Vanishing Tax Reserves Trigger $4.9 Million Budget Deficit and Looming Staff Cuts

Key Points

  • Town officials revealed a $4.9 million budget deficit for FY27 despite $3.7 million in municipal cuts and $1.2 million in school reductions.
  • Excess levy capacity has dropped from $10 million to $470,000, leaving the town with almost no financial cushion.
  • Rising healthcare costs, including $3.3 million spent on GLP-1 medications, were identified as a primary driver of the revenue shortfall.
  • The residential tax burden has reached 86 percent as commercial development land vanishes and former industrial sites are converted to 40B housing.
  • A public workshop to reinvent the budget oversight process is scheduled for March 4 at the 1820 Courtroom.

Plymouth is grappling with a projected $4.9 million budget gap for the 2027 fiscal year, a shortfall that Town Manager Derek Brindisi warned will necessitate significant reductions in personnel and emergency services. During a "Where Do Your Taxes Go?" panel hosted by the League of Women Voters on February 12, Brindisi revealed that the town’s excess levy capacity—a financial safety net often compared to a home equity line of credit—has plummeted from $10 million just a few years ago to approximately $470,000 today.

The financial strain stems from a massive disparity between new revenue and skyrocketing fixed costs. While the town saw $11.5 million in new revenue from property taxes and new growth, it was offset by over $20 million in increased expenses. Brindisi identified health insurance and statutory pension obligations as the primary budget busters, noting that insurance costs rose 14 percent. Specifically, a single class of medication, GLP-1 weight-loss drugs, cost the town $3.3 million this year alone. Every year, Dr. Campbell, our finance team, and I sit with a select number of school committee and select board members to start the budget process, Brindisi said, describing this cycle as the most challenging in his four-year tenure. There is no fat on the bone left to cut.

The proposed remedy includes $3.7 million in cuts to town departments and $1.2 million from schools. For residents, this means the loss of eight new municipal positions, two police cruisers, and a denial of the Fire Chief’s request for eight additional firefighters. Brindisi noted that since 2015, fire department calls have doubled from 7,000 to 14,000 annually, while only eight staff members have been added in that decade. When we cut the budget, we are cutting people, and positions equate to services, Brindisi emphasized.

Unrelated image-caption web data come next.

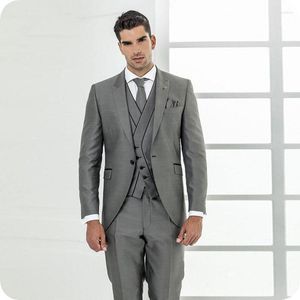 Costumes masculins 2023 Slim Fit Grey Men pour le marié marié Costume Costume Prom Prom Formel Tuxedo Man Blazer Traje 3pieces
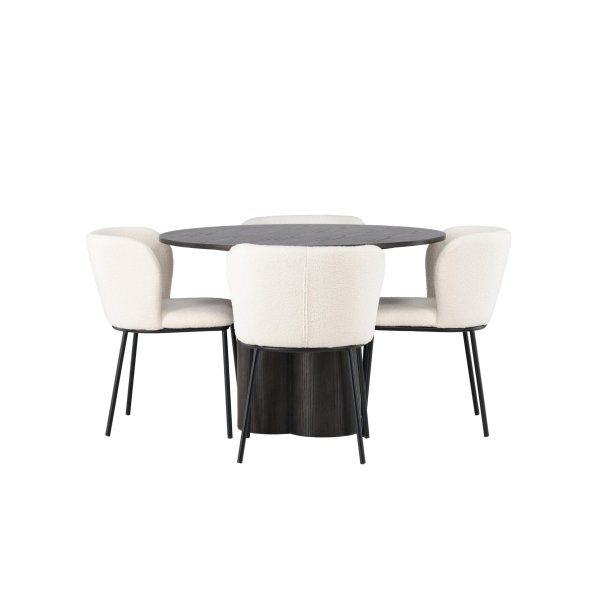 Olivia spisebordss�t spisebord mocca 4 stole boucle hvid.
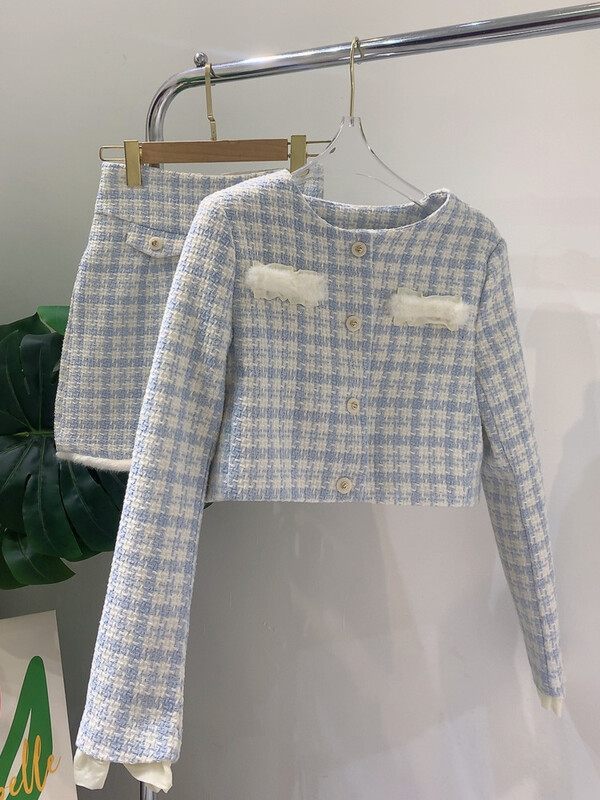 Proljeće 2023. Novi elegantni uredski ženski komplet od kariranog tvida Ženska skraćena jakna Kaput + uska duga/kratka suknja visokog struka 2-dijelno odijelo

School Superintendent Dr. Chris Campbell presented a $128.7 million operational budget, highlighting the logistical complexity of managing 7,000 students across 104 square miles. He noted that the district’s buses travel 4,729 miles daily, the equivalent of a cross-country trip every single day. Specialized transportation for special education and homeless students has become a massive fiscal burden, with some van routes costing between $250 and $650 per day. However, Campbell pointed out that the district saves upwards of $10 million annually by educating 280 special education students in-house rather than paying for private placements. Our staff is our most critical asset, Campbell told the audience, noting that per-pupil spending remains near the state average.

The discussion grew pointed during public comment when residents questioned the town's reliance on residential taxes, which currently account for 86 percent of the tax burden. Jenny Davis of Precinct 4 expressed heartbreak over industrial land being converted into 40B affordable housing projects, which she argued increase the demand for services without providing a commercial tax base. We already have this land that was supposed to be commercial, can we not keep losing more of it? Davis asked. Brindisi agreed with the concern, citing the town's $20 million purchase of the Atlantic Country Club as a defensive move to prevent a 400-unit development that would have forced the construction of a new fire station.

With the closure of the nuclear power plant, which previously subsidized local rates, Brindisi warned that the town may eventually face a Proposition 2.5 override if health insurance costs cannot be reined in. Pat McCarthy of Precinct 18 argued that the public must be realistic about the costs of the amenities they enjoy. It’s always amazing to me that people want services, but they don’t want to pay for them, McCarthy said. You can’t have it both ways.

To address the ongoing crisis, Select Board member Mr. Cohen invited the public to participate in a new initiative to modernize financial planning. On March 4th at 6:00 PM in the 1820 Courtroom, we're going to be working amongst ourselves on developing and reinventing the budget oversight process, Cohen announced. Host Emily Tompkins concluded the session by thanking the officials for the transparent look at the town's vital resources and fiscal constraints.